The World’s Largest Lesson: Grade 7 Service Projects

Photo credit: The World’s Largest Lesson, by Project Everyone

What is Service as Action?

Service as Action is an important part of the curriculum for IB MYP students, with service being a core value of all IB learners, who strive to be caring members of the global community:

“We show empathy, compassion and respect. We have a commitment to service, and we act to make a positive difference in the lives of others and in the world around us.”

Through action, students are able to encounter the world outside of school through real life and hands-on experiences. This gives them the opportunity to form authentic connections between the lessons they learn in the classroom and what they discover in the wider community. The experience of service gives meaning and context to their studies, while taking action in the community allows them to directly apply the lessons they are learning in a real world situation.
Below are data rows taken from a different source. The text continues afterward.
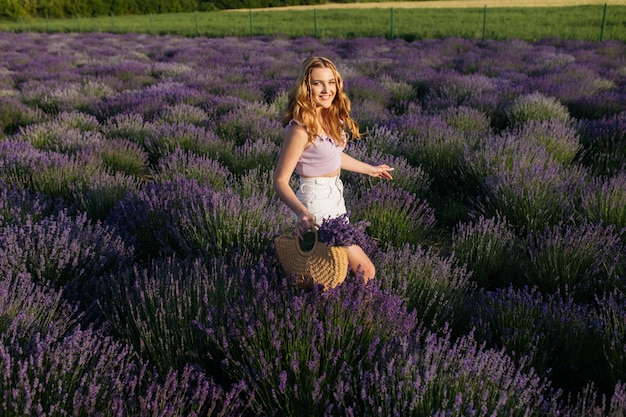 Girl in a lavender field Woman in a field of lavender flowers at sunset in a white dress France Provence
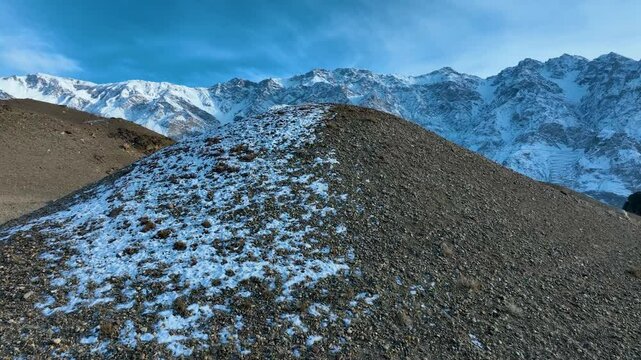 Drone flies slowly upwards at a mountain peak in Skardu and a mountain range with snow appears in the background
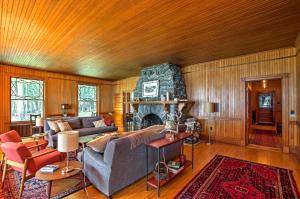 a living room with a couch and a fireplace at Restored Historic Lakefront Home with Panoramic Views in Lake Clear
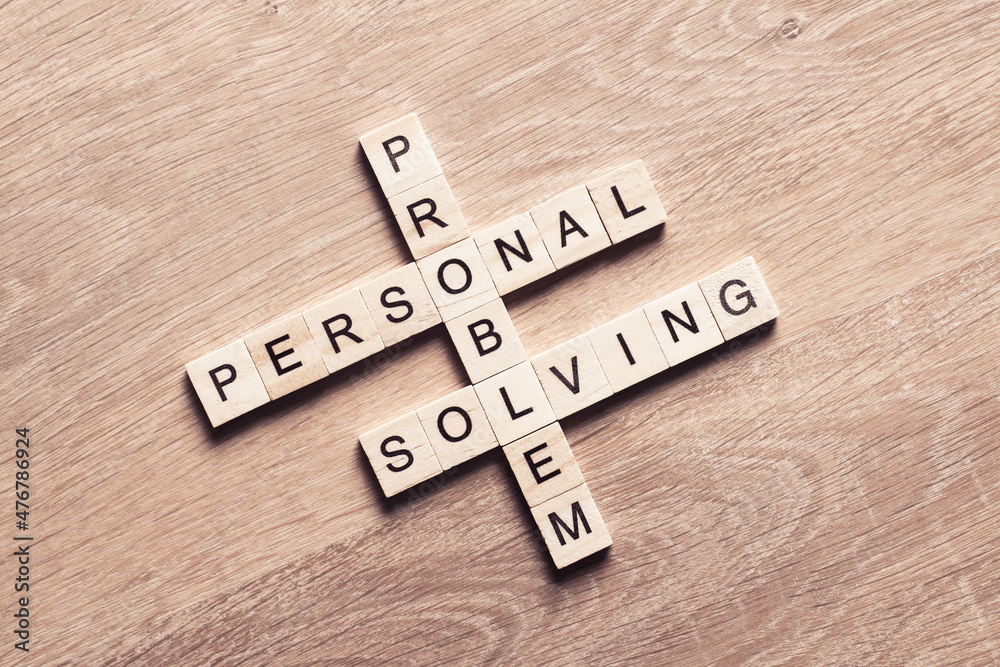 Conceptual business keywords on table with elements of game making crossword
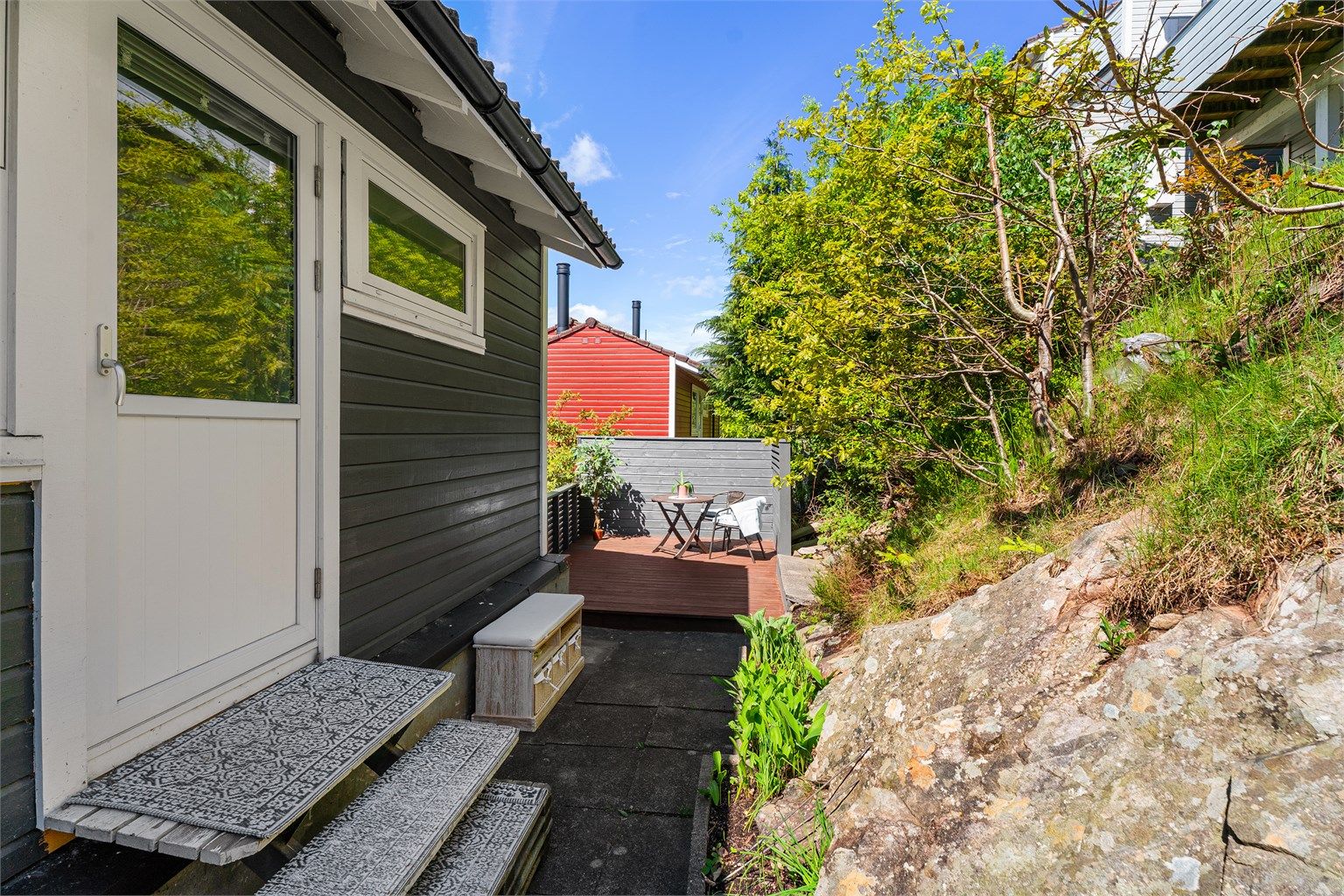 Uteområdet bak er opparbeidet med platting og levegg.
The World’s Largest Lesson

This year, the service projects of Grade 7 students were inspired by The World’s Largest Lesson, a campaign by the Project Everyone organisation to introduce U.N.’s Sustainable Development Goals to children all over the world. The campaign aims to unite the global community in action to end extreme poverty, to fight inequality and injustice and to tackle climate change. There are seventeen global goals which form a 15-year plan to help to achieve this vision, including no poverty, zero hunger and a good quality education.

Grade 7 Service Projects

As expected, the Grade 7 students were creative in their approach to their Service as Action projects with each group interpreting their task differently. One group engaged in service through advocacy by creating and distributing posters around ISA to raise awareness of world hunger. The target audience was their fellow students, who the group believe are the future solution for tackling global issues such as world hunger. Another group’s Food Bank Project took a local approach to tackling hunger by gathering non-perishable food and donated it to a food bank. Despite the small scale of the project, the group hopes “to inspire others to make a difference just like us.”

Some students took their practical approach on a more global scale, by collecting money and donating it to the AmyFoundation, which aims to improve the lives of impoverished children in Gugulethu, a small township in South Africa. The Zero Hunger group came up with a future-thinking approach to tackling World Hunger, focusing on a sustainable, long-term solution to feeding an impoverished family. Their goal was simply to “help people” and they achieved this by sending two chickens and a cockerel to a village in Uganda.

This is the first time that ISA has taken on this project and Service as Action Coordinator Jennifer Gryzenhout hopes to continue inspiring students through The World’s Largest Lesson:

“The learning goals for the MYP Service as Action program are well-aligned with those of the World’s Largest Lesson and so it was a logical way to inspire students to take action. Through this project, which was conducted with the guidance of their homeroom teachers, students were able to engage in the Service Learning cycle of identifying a need, planning a way to respond to the need, take action and then reflect on their process, all the while knowing that they were participating in a larger, worldwide initiative. The project allowed for student agency to direct their efforts towards an area of interest for them, and the energy and enthusiasm they had for their projects while working on them was tangible and exciting.”